Furthermore, it is important to note that this letter was not only written by Lombardi, but signed by McAteer. McAteer testified at trial that he signed the letter to "acknowledge receipt" but that he "understood [he] was not to hold it in accord with what [the letter] said." He contends that his understanding is supported by the language in the letter: "Please sign a copy of this letter acknowledging its receipt and also receipt of the escrow funds." However, on the evidence before it, the Court does not find persuasive McAteer's assertion that he signed the letter merely to acknowledge receipt yet did not bother to indicate clearly, either verbally or in writing, that he was contesting the contents. McAteer testified that he did not inform Lombardi that he would not serve as an escrow agent. He stated that, in fact, he did not "[exchange] four words with [Lombardi] that day." Lombardi confirmed this testimony, stating that McAteer never contacted him regarding the letter, and never indicated that the terms outlined in the letter mischaracterized the Agreement in any way. Finally, the Court is shocked by McAteer's candid admission that he did "not entirely" understand the contents of the December 11, 1998 letter, and that he has "learned more about escrow agreements since then." McAteer never communicated this confusion to Lombardi, and made no apparent attempt to clarify his understanding of escrow agreements prior to signing the letter. Therefore, the Court finds that McAteer's signature is evidence that he was accepting the letter as an affirmation of the parties' understanding, rather than merely acknowledging its receipt.

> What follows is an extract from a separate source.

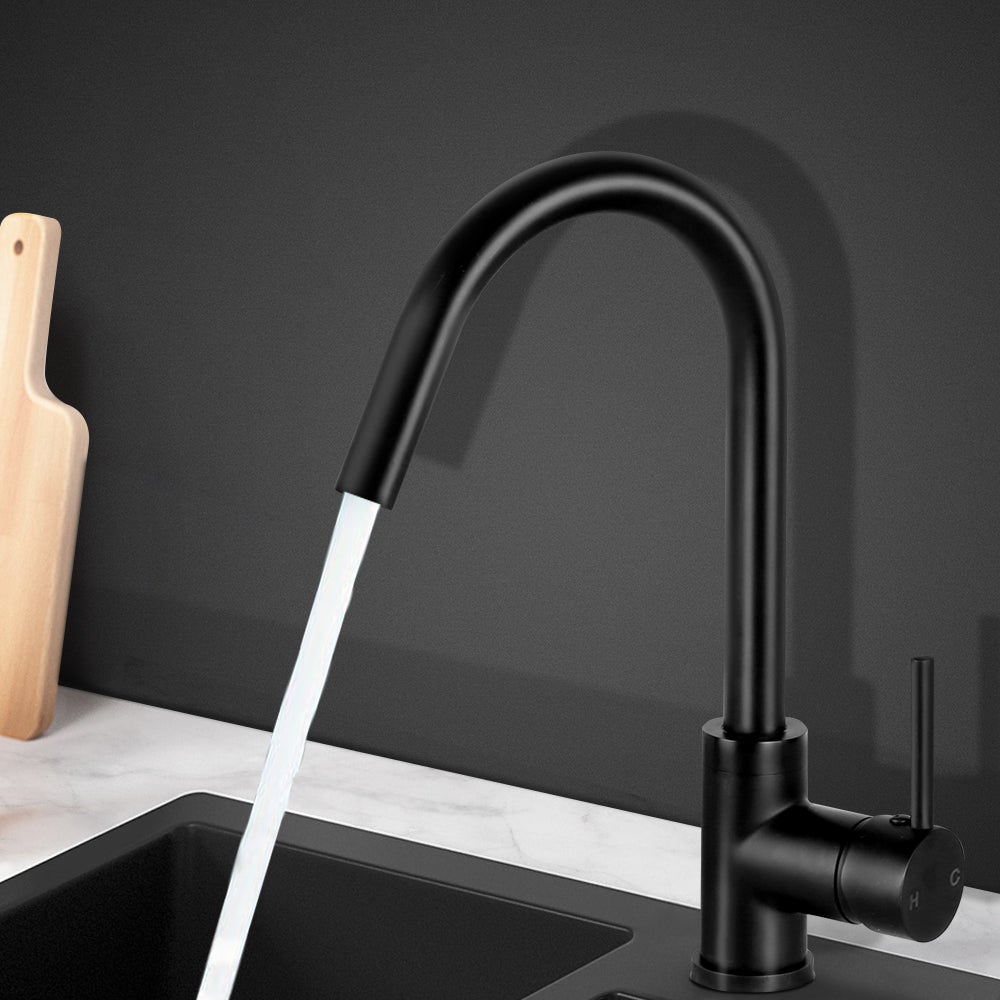 Cefito Mixer Faucet Tap in black with a sleek design, featuring a 360° swivel spout and modern handles for hot and cold water.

As stated above, McAteer testified that, based on his conversations and correspondence with Gaudet, he understood that the money was to be available immediately. Gaudet's deposition testimony on the matter, however, was somewhat disjointed and unclear on this point:

"Q: And that twenty thousand was put in an escrow account in the name of your attorney, Sean McAteer?

"A: I presume it was put in an escrow account to be held by that attorney.

". . .

"Q: So it was your intention that the money be held in his client account and not in his escrow account; is that correct?

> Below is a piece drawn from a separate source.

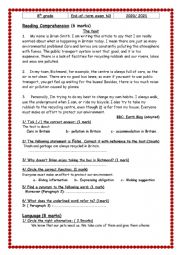 English Worksheet: END OF TERM EXAM 8TH GRADE/ SECOND SEMESTER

"A: Well, I'm actually unsure of the specifics of that at this moment.

". . .

"Q: Now, Mr. Gaudet, as you sit here today, was part of that agreement that after the tender of the twenty thousand dollars and prior to the approval of the city for the transfer that you were able to access some of those funds; is that correct?

"A: Yes."

Gaudet's conflicting testimony on the specifics of the arrangement-whether the money was to be placed in an escrow account or not-diminishes his credibility on this important issue. Gaudet's testimony evidenced further contradictions with respect to the disbursement of the funds. Gaudet adamantly denied that he had ever received any of the $20,000. However, he endorsed the $8000 check issued to him (Check No. 1962), and there is no evidence to suggest that the signature is not valid. See Exhibit 4. Because of these inconsistencies, the Court does not find credible Gaudet's testimony as to his intention at the time of the Agreement.

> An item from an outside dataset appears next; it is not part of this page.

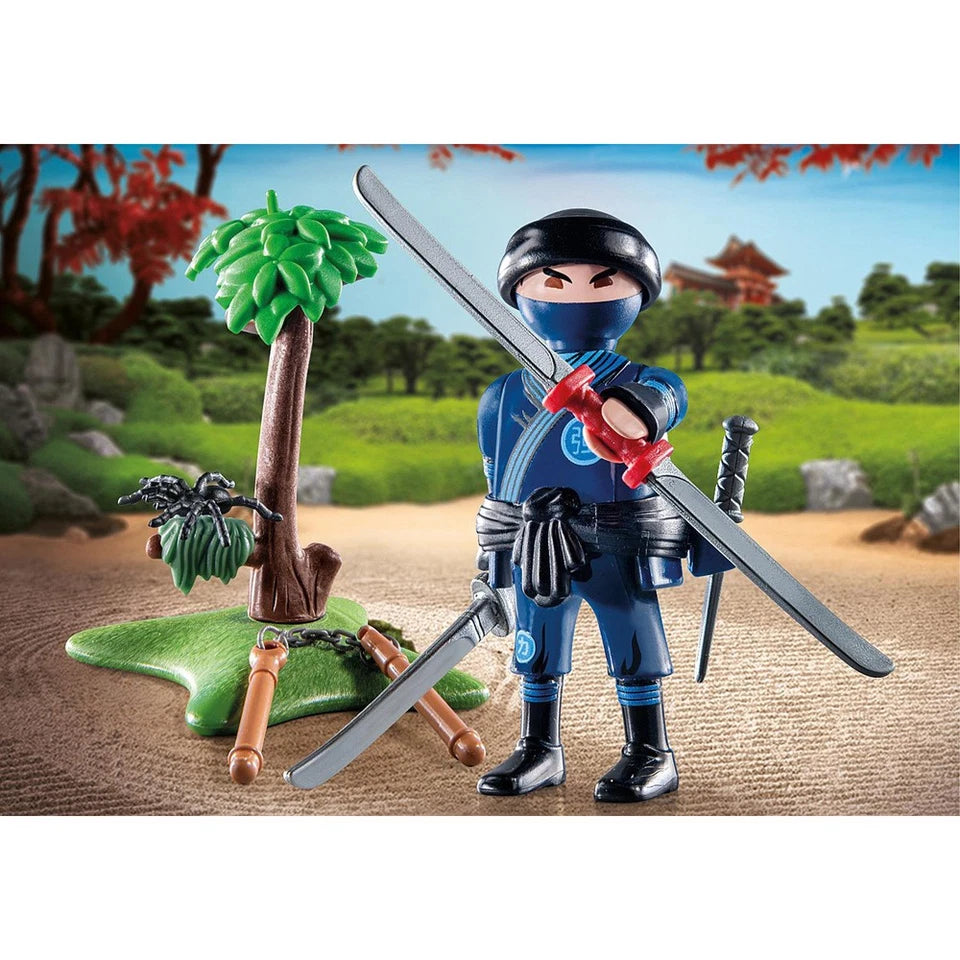 Playmobil Child With Kart And Equipped Ninja Kids/Childrens Toy Playset 4+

Thus, the Court finds that the evidence overwhelmingly indicates that the parties intended to form an escrow agreement to secure the $20,000 until the actual transfer of the License. The Court also finds that McAteer agreed to act as an escrow agent, therefore becoming a fiduciary to both parties. The next inquiry is whether McAteer breached these fiduciary duties. The Court finds that he did.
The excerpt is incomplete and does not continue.